+++ Data extract

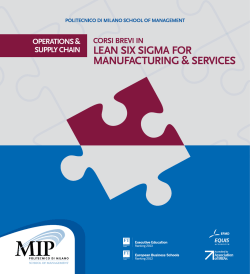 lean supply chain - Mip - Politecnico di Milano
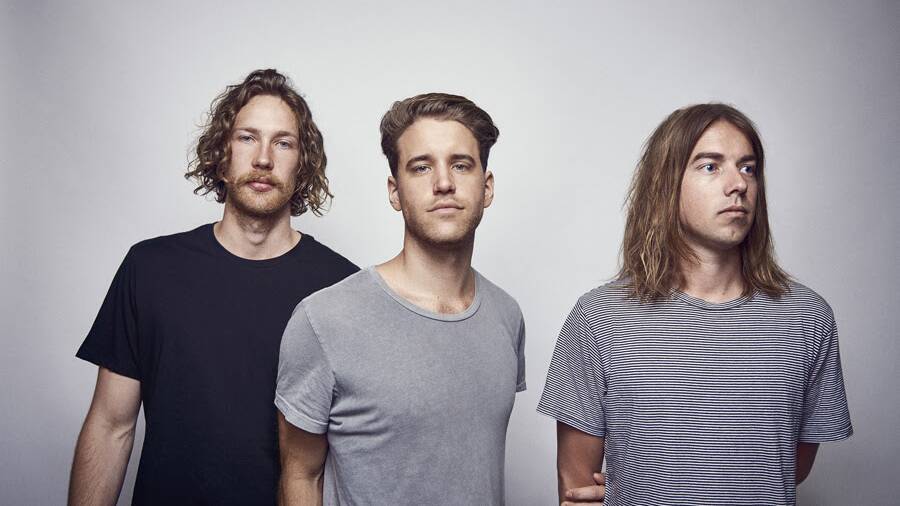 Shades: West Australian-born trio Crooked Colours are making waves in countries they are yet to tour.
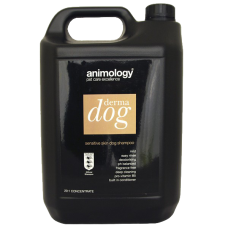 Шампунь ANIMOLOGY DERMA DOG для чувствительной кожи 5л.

++++++

Exercise description =
Print all of the data exactly, and do not carry over any pictures.

Response area =
 lean supply chain - Mip - Politecnico di Milano
 Shades: West Australian-born trio Crooked Colours are making waves in countries they are yet to tour.
 Шампунь ANIMOLOGY DERMA DOG для чувствительной кожи 5л.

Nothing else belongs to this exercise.